Wie der fertige Benzinmotor laut Künstler aussehen wird

Durch mehrere Grobschleifdurchgänge können Unvollkommenheiten auf 20 Mikrometer reduziert werden - etwa ein Viertel der Dicke eines menschlichen Haares. Diese Fehler sind jedoch 1000-mal höher als erforderlich.
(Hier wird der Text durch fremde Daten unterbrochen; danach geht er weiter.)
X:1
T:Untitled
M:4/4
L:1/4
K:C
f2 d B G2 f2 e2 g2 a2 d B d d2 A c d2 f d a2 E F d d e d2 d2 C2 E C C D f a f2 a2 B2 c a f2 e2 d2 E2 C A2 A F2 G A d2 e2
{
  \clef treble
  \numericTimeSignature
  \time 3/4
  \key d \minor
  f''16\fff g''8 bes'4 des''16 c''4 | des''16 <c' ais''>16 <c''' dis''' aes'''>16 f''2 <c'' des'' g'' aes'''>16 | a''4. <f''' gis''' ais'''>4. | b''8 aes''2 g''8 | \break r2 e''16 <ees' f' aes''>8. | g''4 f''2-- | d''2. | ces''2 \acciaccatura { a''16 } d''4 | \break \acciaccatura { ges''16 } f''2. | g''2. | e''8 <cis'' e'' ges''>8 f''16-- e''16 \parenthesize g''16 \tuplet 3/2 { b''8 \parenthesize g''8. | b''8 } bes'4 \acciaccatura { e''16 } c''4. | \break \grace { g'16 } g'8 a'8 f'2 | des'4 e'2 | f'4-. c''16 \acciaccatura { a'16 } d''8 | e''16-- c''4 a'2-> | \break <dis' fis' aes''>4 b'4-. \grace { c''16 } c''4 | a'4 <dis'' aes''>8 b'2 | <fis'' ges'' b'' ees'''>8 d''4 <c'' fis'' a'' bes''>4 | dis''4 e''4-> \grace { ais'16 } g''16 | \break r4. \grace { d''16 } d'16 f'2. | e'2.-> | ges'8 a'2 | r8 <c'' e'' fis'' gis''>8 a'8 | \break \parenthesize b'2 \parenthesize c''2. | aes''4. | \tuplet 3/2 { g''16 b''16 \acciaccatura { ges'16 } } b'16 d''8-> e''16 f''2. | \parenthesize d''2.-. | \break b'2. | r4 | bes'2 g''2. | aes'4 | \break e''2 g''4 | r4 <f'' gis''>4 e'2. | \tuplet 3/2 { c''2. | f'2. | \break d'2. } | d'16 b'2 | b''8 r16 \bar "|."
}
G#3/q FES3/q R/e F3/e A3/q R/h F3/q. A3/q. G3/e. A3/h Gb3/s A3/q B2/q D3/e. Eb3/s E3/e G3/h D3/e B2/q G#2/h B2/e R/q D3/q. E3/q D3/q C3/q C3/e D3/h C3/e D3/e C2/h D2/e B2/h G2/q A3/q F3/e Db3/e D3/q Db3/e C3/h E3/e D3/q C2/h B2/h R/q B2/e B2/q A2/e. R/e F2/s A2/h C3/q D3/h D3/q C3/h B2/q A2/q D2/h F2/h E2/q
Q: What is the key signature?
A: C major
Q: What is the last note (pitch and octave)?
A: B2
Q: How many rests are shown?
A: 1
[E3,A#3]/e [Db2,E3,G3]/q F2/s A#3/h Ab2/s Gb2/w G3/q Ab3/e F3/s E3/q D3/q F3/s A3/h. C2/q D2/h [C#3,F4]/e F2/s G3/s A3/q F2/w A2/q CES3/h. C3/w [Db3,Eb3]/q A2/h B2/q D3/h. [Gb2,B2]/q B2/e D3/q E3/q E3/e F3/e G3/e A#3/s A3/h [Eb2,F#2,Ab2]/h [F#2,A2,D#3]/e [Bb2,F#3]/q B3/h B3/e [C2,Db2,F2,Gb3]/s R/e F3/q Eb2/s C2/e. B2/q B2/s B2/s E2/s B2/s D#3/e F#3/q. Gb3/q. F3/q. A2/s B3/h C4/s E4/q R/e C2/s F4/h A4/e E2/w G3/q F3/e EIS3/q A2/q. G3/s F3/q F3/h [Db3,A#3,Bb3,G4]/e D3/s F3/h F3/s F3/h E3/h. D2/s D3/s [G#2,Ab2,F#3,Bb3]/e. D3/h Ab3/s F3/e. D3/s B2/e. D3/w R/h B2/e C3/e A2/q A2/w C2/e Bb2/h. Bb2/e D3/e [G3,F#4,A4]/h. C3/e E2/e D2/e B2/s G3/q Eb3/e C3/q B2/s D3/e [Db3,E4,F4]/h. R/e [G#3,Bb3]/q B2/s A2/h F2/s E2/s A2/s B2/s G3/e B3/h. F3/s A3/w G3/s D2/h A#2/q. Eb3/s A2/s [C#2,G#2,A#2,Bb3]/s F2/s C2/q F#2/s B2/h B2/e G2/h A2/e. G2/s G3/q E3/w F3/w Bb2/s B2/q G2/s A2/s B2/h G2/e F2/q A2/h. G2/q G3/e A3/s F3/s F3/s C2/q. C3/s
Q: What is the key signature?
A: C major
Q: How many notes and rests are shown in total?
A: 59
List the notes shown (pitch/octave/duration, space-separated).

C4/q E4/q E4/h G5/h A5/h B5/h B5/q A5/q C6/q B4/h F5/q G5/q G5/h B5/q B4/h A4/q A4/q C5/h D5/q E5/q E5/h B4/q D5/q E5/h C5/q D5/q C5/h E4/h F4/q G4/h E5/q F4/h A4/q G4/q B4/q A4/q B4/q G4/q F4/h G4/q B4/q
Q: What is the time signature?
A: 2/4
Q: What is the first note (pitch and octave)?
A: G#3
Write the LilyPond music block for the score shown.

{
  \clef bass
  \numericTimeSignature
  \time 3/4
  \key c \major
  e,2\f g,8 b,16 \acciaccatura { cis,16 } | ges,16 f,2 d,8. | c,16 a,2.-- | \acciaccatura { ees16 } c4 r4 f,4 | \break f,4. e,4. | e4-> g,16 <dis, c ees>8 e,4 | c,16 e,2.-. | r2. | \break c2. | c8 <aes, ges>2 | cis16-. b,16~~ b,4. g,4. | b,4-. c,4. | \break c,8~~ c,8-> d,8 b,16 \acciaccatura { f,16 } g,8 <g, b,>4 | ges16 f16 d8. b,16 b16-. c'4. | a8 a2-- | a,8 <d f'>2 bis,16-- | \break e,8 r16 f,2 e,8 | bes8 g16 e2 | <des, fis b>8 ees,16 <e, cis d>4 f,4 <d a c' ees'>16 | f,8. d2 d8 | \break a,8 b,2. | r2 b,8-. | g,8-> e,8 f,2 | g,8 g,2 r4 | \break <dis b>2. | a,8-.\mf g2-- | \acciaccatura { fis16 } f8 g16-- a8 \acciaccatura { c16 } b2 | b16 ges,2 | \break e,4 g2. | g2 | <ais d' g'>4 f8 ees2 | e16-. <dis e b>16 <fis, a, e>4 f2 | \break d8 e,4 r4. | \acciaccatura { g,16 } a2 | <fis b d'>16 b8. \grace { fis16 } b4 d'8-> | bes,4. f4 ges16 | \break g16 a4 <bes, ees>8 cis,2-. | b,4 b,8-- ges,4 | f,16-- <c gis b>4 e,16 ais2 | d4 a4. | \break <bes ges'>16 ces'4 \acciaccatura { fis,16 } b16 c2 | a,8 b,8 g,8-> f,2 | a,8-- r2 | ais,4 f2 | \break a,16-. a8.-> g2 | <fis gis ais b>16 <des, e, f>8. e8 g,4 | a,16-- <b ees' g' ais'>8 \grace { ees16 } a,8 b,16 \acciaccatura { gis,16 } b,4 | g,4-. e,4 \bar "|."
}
Hier tritt der Turm des Spiegellabors in Kraft. Auf dem Höhepunkt ist ein Satz von Lasern und Interferometern, die als Maßband für Mikrometerfehler dienen, an denselben Wäldern angebracht, die ich entlang gelaufen bin. Der Messvorgang ist so empfindlich, dass sich der Spiegel in einem pneumatischen System befinden muss, das Gebäudevibrationen ausgleicht. "Die Vibrationen kommen vom Fußballstadion, vom Verkehr auf benachbarten Straßen, von Hubschraubern, die ins Krankenhaus fliegen", sagt Martin. "Sie sind nicht zu spüren, aber die Messungen sind äußerst empfindlich."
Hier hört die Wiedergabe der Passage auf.